- Exercise details -
Nothing but the records, transcribed exactly, should appear in the answer; leave the pictures out.
*** Recorded data ***
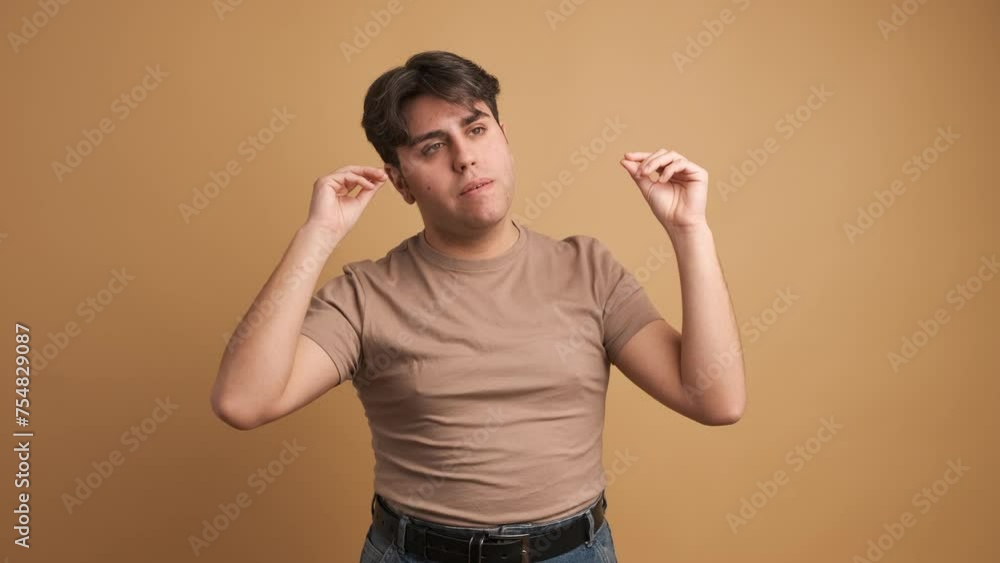 Man tired of gossip gesturing with hands imitating people speaking Man tired of gossip gesturing with hands imitating people speaking
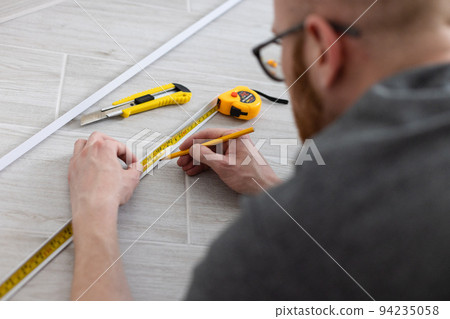 Man measuring decorative plastic corner. Man with measuring tools. Man measuring decorative plastic corner. Man with measuring tools. 94235058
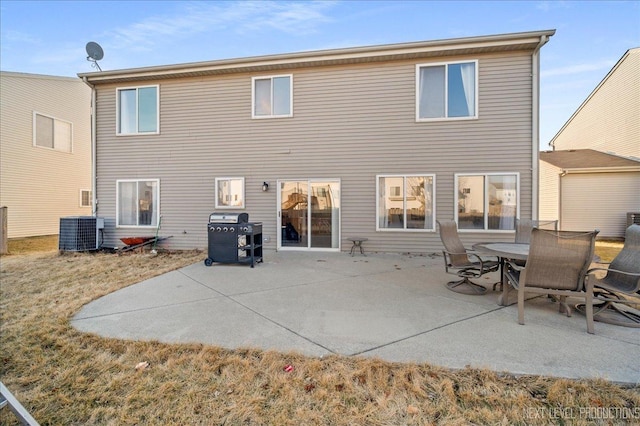 back of house featuring central AC and a patio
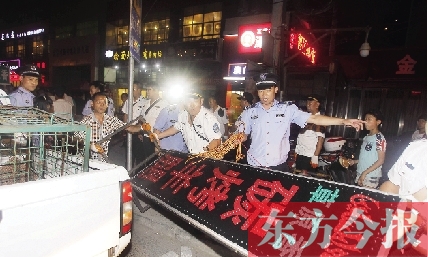 7月8日晚，鄭州市商城路一家占道經(jīng)營(yíng)的攤販招牌被執(zhí)法隊(duì)員“登記保存”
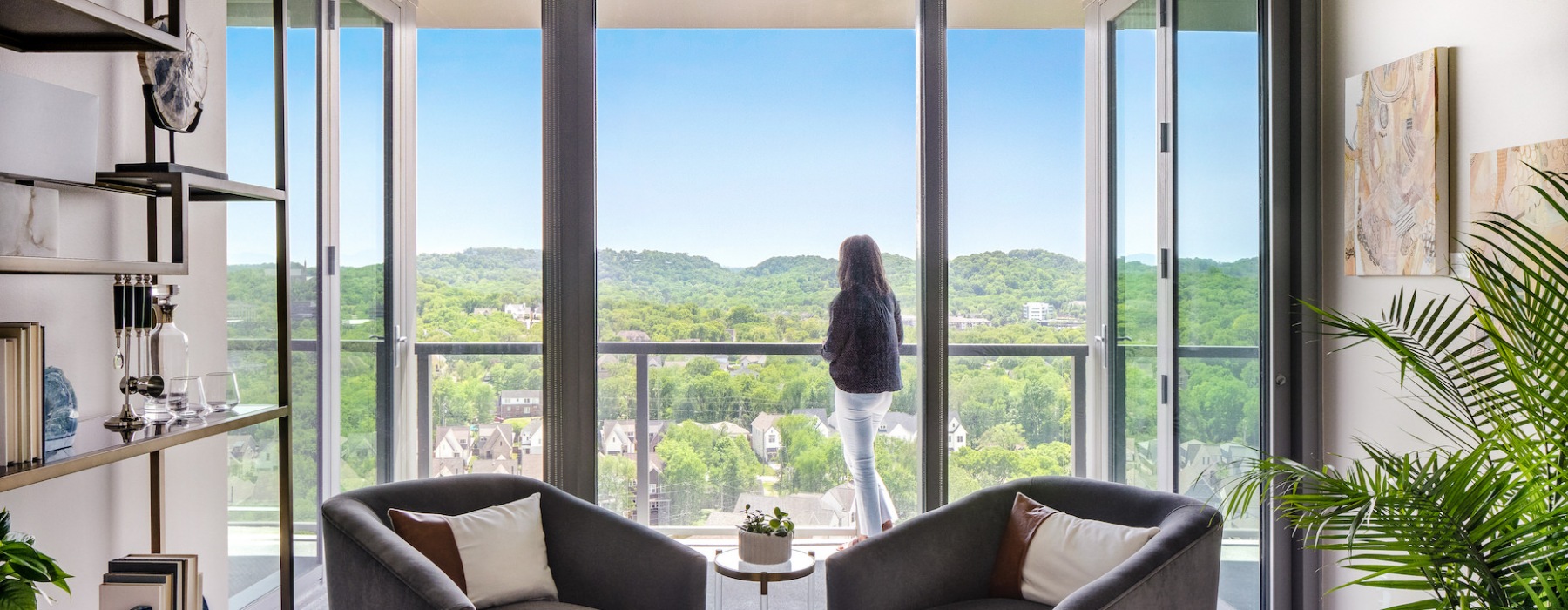 Woman overlooking landscape of green hills front penthouse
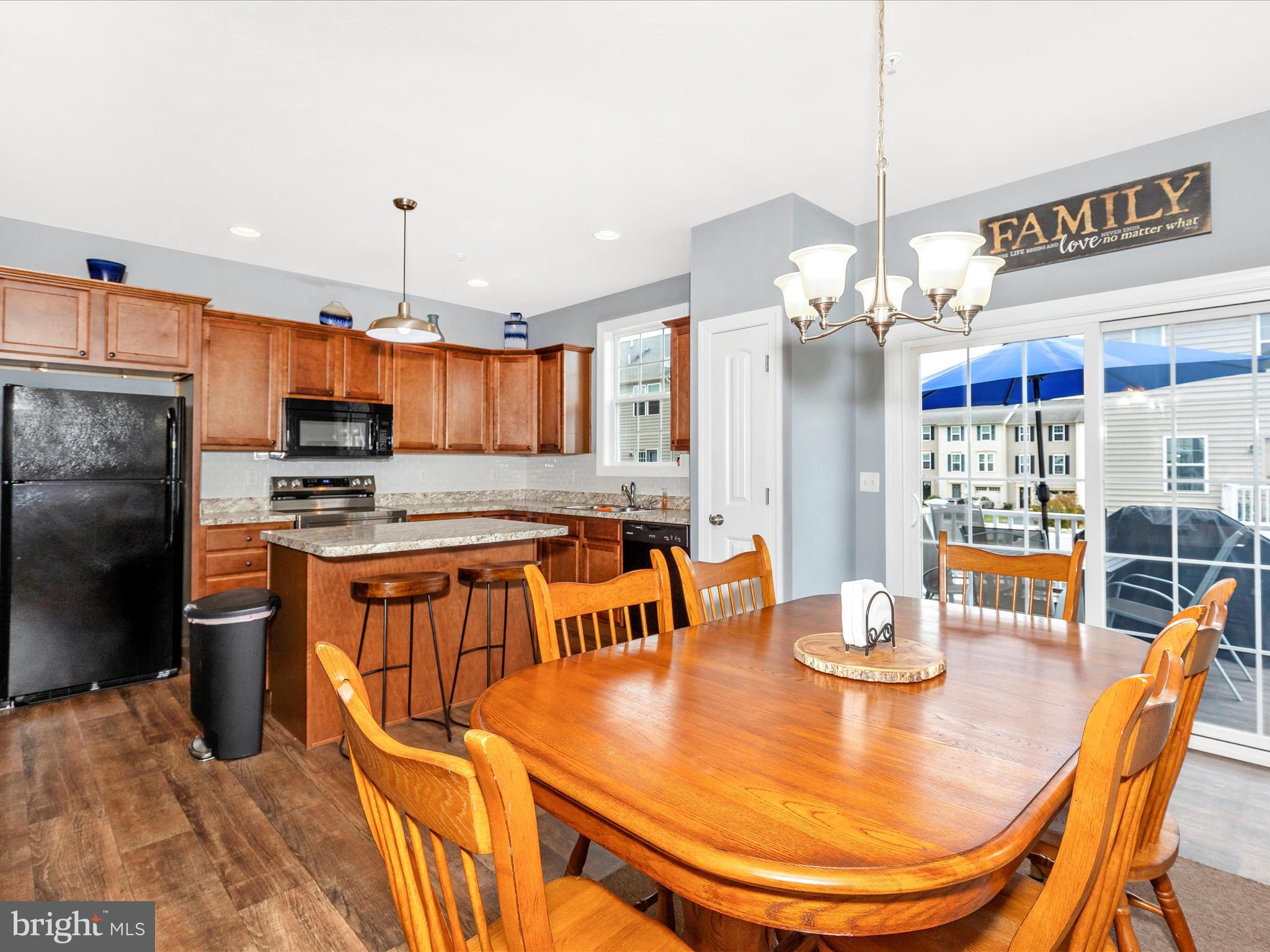 28 Brookside Avenue Hanover, PA 17331 - Photo 25 of 51 a kitchen with stainless steel appliances kitchen island granite countertop a table chairs and a chandelier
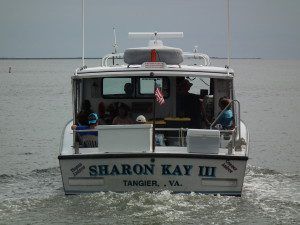 Sharon Kay heads for Tangier Island in warm weather. Now she will be escorted by the Maryland NRP cutter J. Millard Tawes cutting a path in the ice. THE CHESAPEAKE TODAY photo
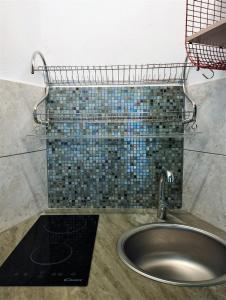 baño con lavabo y pared de azulejos en Uiza de San Pé, en Carloforte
*** End of Recorded data ***
- Answer area -
 Man tired of gossip gesturing with hands imitating people speaking Man tired of gossip gesturing with hands imitating people speaking
 Man measuring decorative plastic corner. Man with measuring tools. Man measuring decorative plastic corner. Man with measuring tools. 94235058
 back of house featuring central AC and a patio
 7月8日晚，鄭州市商城路一家占道經(jīng)營(yíng)的攤販招牌被執(zhí)法隊(duì)員“登記保存”
 Woman overlooking landscape of green hills front penthouse
 28 Brookside Avenue Hanover, PA 17331 - Photo 25 of 51 a kitchen with stainless steel appliances kitchen island granite countertop a table chairs and a chandelier
 Sharon Kay heads for Tangier Island in warm weather. Now she will be escorted by the Maryland NRP cutter J. Millard Tawes cutting a path in the ice. THE CHESAPEAKE TODAY photo
 baño con lavabo y pared de azulejos en Uiza de San Pé, en Carloforte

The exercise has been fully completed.